What began as “Arab Spring” with the toppling of tyrants in Tunisia and Egypt is — to the world’s benefit — turning into more than just a season. Whoever created that term should’ve known that the human spirit’s yearning for freedom transcends all seasons.
The killing of Moammar Gadhafi on Thursday should be seen as more than just a death. It also creates another cradle for democracy. How that democracy grows from its birth in Libya will be determined in part by the country’s interim National Transitional Council, but also by the continued diplomatic assistance of the United States, Britain and France. As leaders of the NATO coalition that supported Gadhafi’s demise, these three nations must remain vigilant against any climb to power by extremist forces.

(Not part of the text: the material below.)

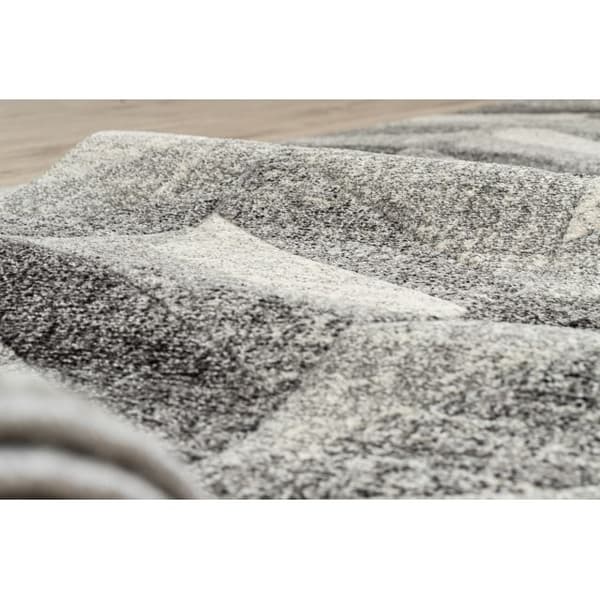Fortovet FEEL 5673/16811 SILDEBEN grå / antracit / fløde, 80x370 cm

The most dramatic transformation in centuries is rocking the Arab world. This is a momentous opportunity that, if squandered, could collapse into the free world’s failure to help oppressed people liberate and govern themselves.
As in all aspects of American government, spending overseas can and should be reduced during this extended economic crisis. But the evolving and increasing fragility of governments in northern Africa and western Asia demand steadfast guard against the rise of any rogue regimes. This means more than just protecting the interests of the U.S., Britain and France. It also means nurturing the people of the Middle East beyond their respective cradles. Relentless demonstrations in virtually every nation of that region prove the people want democracy. They deserve it.
By the same token, though, perhaps ultimately the U.S. could extract commitments from these infant democracies that enhance or even supplant the commitment of American taxpayers. We remember thinking Iraq would reimburse us with oil. Somehow, we don’t think any invoices to them, if sent, were ever paid. At least not yet. We also remember that Libya is one of the richest oil producers in the Arab world.
Notice how it took less than half a day Thursday for NATO leaders to announce they would immediately begin planning an end to the airstrike support of Libyan rebels. Such a sudden military shift is not always possible, but in this case, the swiftness with which it could unfold is encouraging and commendable. Part of that praise is due President Obama, who early on announced that the U.S. would support replacing the tyrant Gadhafi, but in no way should be viewed as the lone avenger. As bad as things turned out for Gadhafi, they could not have turned out much better for Obama. The U.S. helped overthrow the dictator at no small financial cost to Americans, but without the loss of a single American life.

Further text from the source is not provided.